I'm pretty sure the newer version of VMware tools does this, at least for Windows boxes. -----Original Message----- From: owner-toasters@mathworks.com [mailto:owner-toasters@mathworks.com] On Behalf Of De Wit Tom (Consultant) Sent: Wednesday, March 19, 2008 3:04 AM To: Pascal Dukers; toasters@mathworks.com Subject: RE: vmware on nfs stability issues
Hi,
Even when you are on VMWare, you still need to set the disk timeout parameter on all you Virtual machines. This will set the disk timeout value to survive a cluster takeover.

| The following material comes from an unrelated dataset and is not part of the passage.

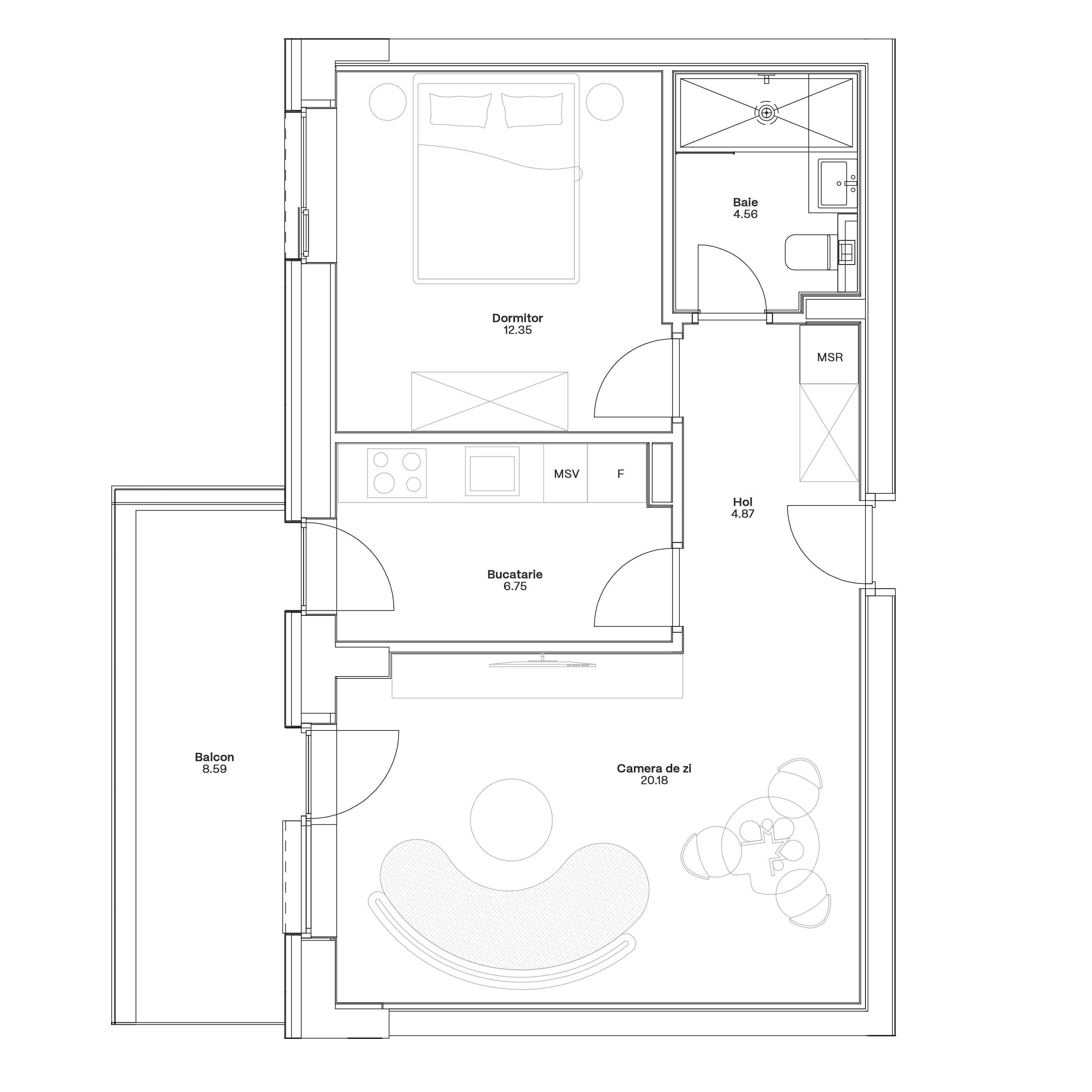 Plan apartament C6-B-104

You can find the exact parameter in the Host utilities for ESX admin guide.
Grtz, Tom
-----Original Message----- From: owner-toasters@mathworks.com [mailto:owner-toasters@mathworks.com] On Behalf Of Pascal Dukers Sent: dinsdag 18 maart 2008 18:28 To: toasters@mathworks.com Subject: vmware on nfs stability issues
We have stability issues with vmware esx (3.0.2) on nfs whenever there is a cluster failover. The datastores come back online after the failover is complete (30-40 seconds), but some of the virtual servers (solaris/windows) can crash while the failover takes place.
There are probably some timeout settings I need to configure on all esx hosts, but the NetApp best practice guide on vmware/nfs does not mention changes other than the locking parameter. So I hope someone can share if they encountered the same issue and what they changed to improve it.